J'ai rencontré à mon retour à Paris bien des difficultés diplomatiques et bien d'autres intervenants au sujet de mon voyage en Crimée. Je dirai en confidence à votre Majesté que ma résolution de voyage s'en trouve presque ébranlée. En France tous ceux qui possèdent sont bien peu courageux!

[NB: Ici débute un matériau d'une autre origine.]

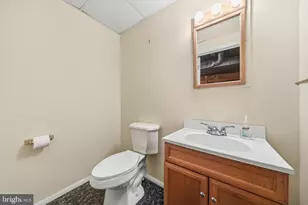 321 Penn St, Hanover, PA 17331 - Photo 13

Votre Majesté voudra bien me rappeler au souvenir de sa charmante famille et me permettre de Lui renouveler l'assurance de ma respectueuse amitié et de mon tendre attachement. De votre Majesté, le bon Frère,
Napoléon.
Queen Victoria to the Emperor of the French.
THE QUEEN'S REPLY
Buckingham Palace, le 27 Avril 1855.
Sire et mon cher Frère,—Votre Majesté vient de m'écrire une bien bonne et affectueuse lettre que j'ai reçue hier et qui m'a vivement touchée. Vous dites, Sire, que vos pensées sont encore auprès de nous; je puis Vous assurer que c'est bien réciproque de notre part et que nous ne cessons de repasser en revue et de parler de ces beaux jours que nous avons eu le bonheur de passer avec Vous et l'Impératrice et qui se sont malheureusement écoulés si vite. Nous sommes profondément touchés de la manière dont votre Majesté parle de nous et de notre famille, et je me plais à voir dans les sentiments que vous nous témoignez un gage précieux de plus pour la continuation de ces relations si heureusement et si fermement établies entre nos deux pays.

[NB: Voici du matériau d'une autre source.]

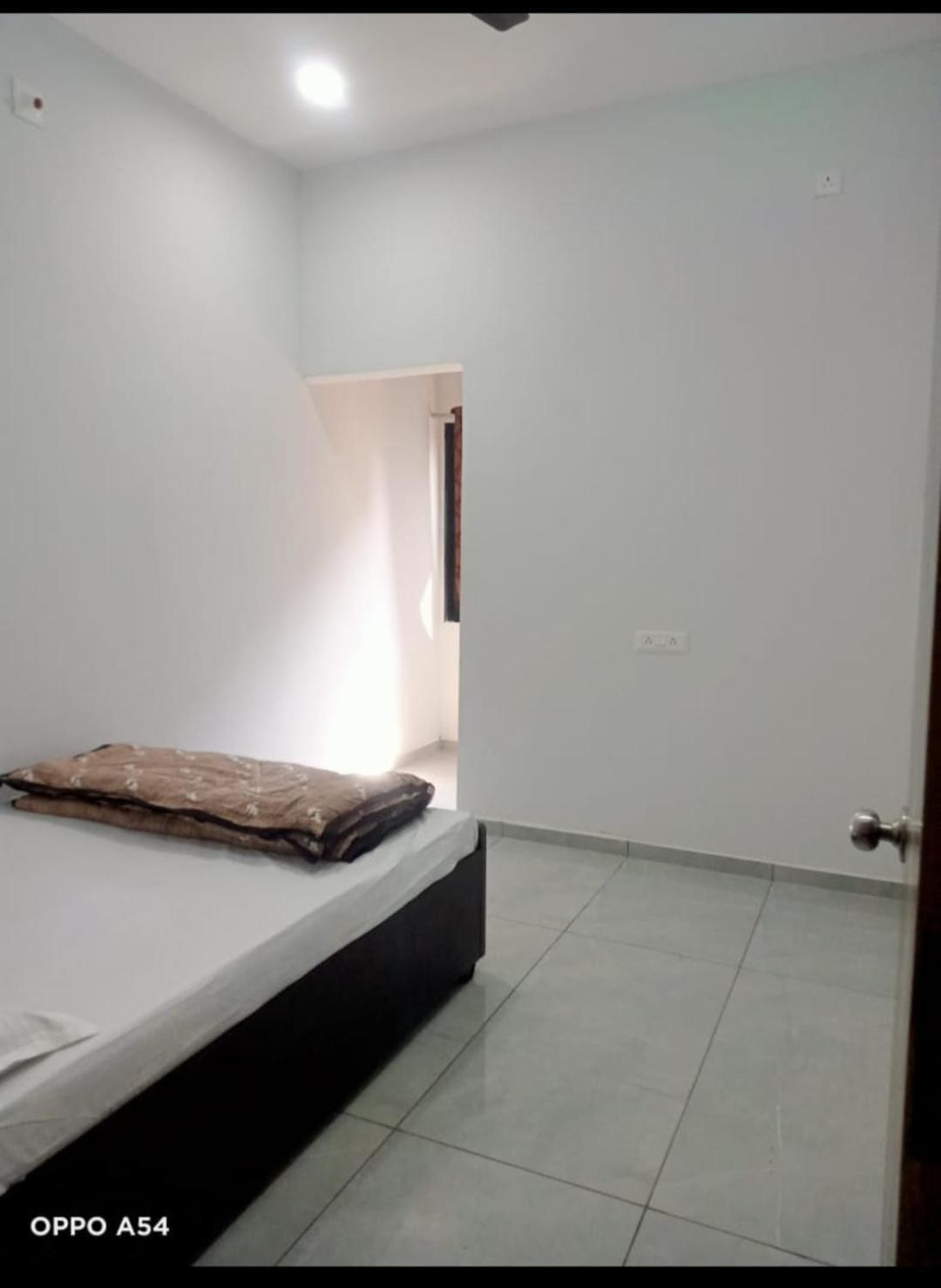 Jai Swaminarayan Delux Homestay Garudeshwar 外观 照片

Permettez que j'ajoute encore, Sire, combien de prix j'attache à l'entière franchise avec laquelle Vous ne manquez d'agir envers nous en toute occasion et à laquelle Vous nous trouverez toujours prêts à répondre, bien convaincus que c'est le moyen le plus sûr pour éloigner tout sujet de complication et de mésentendu entre nos deux Gouvernements vis-à-vis des graves difficultés que nous avons à surmonter ensemble.